Challenges in Analysing Executables: Scalability, Self-Modifying Code and Synergy
( 09. Jun – 13. Jun, 2014 )
- Roberto Giacobazzi (University of Verona, IT)
- Axel Simon (TU München, DE)
- Sarah Zennou (Airbus Group - Suresnes, FR)
- Susanne Bach-Bernhard (für administrative Fragen)
The seminar "Challenges in Analyzing Executables: Scalability, Self-Modifying Code and Synergy" addresses the analysis of executable code and unites people from a multitude of backgrounds such as auditing, verification, transformation, malware detection and other areas. The analysis of executables becomes increasingly popular as it poses new challenges to the academic world and addresses a pressing need in industry. The seminar is motivated by the earlier Dagstuhl seminar 12051 and addresses three major challenges, namely: the scalability of analyses, the ability to handle self-modifying code and how to create synergy between different communities by combining each other's analyses to create more powerful tools.
The translation from byte sequences that represent the code of a program to the instruction semantics poses particular scalability issues over the analysis of the high-level source code: A single line of source code translates to several assembler instructions. Each instruction, in turn, is then translated to a semantic description. This description is usually expressed by a small intermediate language (IL) that requires the effects of a single assembler instruction to be expressed using several IL statements. Overall, a single line of high-level code may turn into tens of IL instructions that have to be analyzed. Other, more subtle, forms of performance issues exist. Identifying and addressing these issues is the "Scalability" challenge.
In contrast to a source code analysis, elementary program concepts such as the control flow graph, loops, local variables, stack frames of functions, etc. are no longer available and therefore have to be recovered from the code. For instance, the reconstruction of the control flow graph (CFG) is non-trivial as instructions may change during execution and jumps and calls to computed addresses can only be resolved by estimating which values the computation may yield.
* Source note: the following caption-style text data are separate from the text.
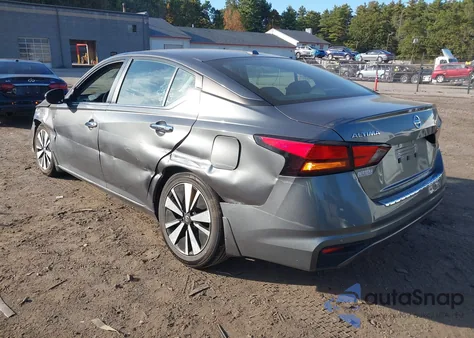 2022 Nissan Altima Sv Fwd из США, поврежденный, VIN 1N4BL4DV6NN348351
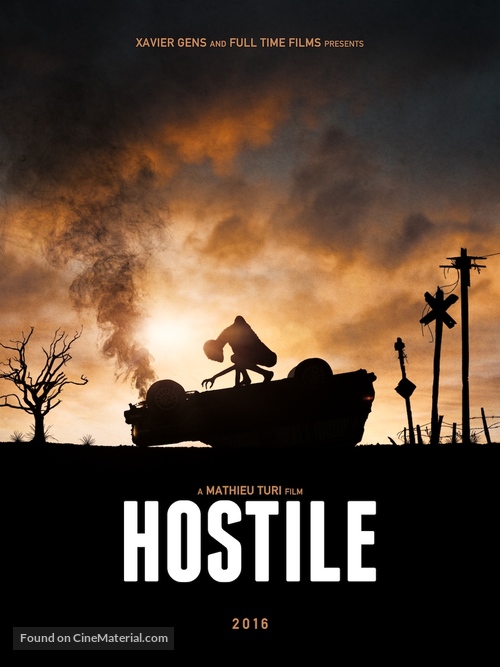 Hostile - Movie Poster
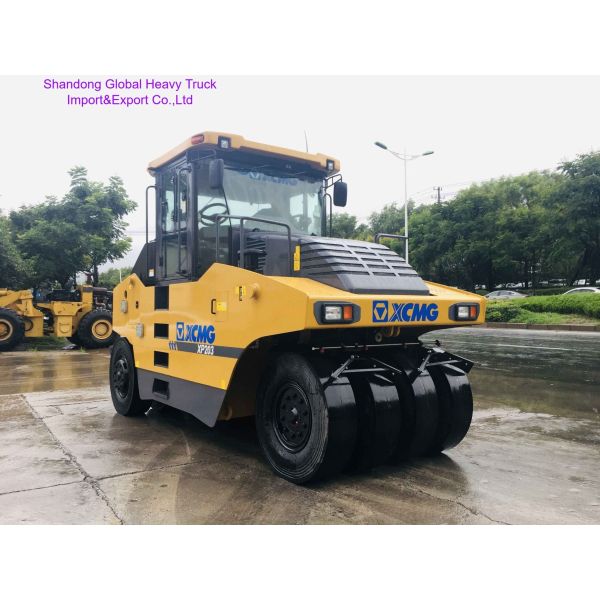 XCMG XP203 20 Tons Pneumatic Tyre Road Roller with 40cm Compaction Depth and SC8D175.2G2B1 Diesel Engine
The latter requires both a model of code that may change its shape and structure at run-time as well as a value analysis which is commonly expressed as a fix-point computation on the control-flow graph. This chicken-and-egg problem has been addressed by several authors but more challenges are as-of-yet unresolved: many programs, especially malicious ones, contain themselves interpreters, JIT compilers, and more generic forms of code generation that blurs the concept of the code that is to be analyzed. We call this challenge "Self-Modifying Code".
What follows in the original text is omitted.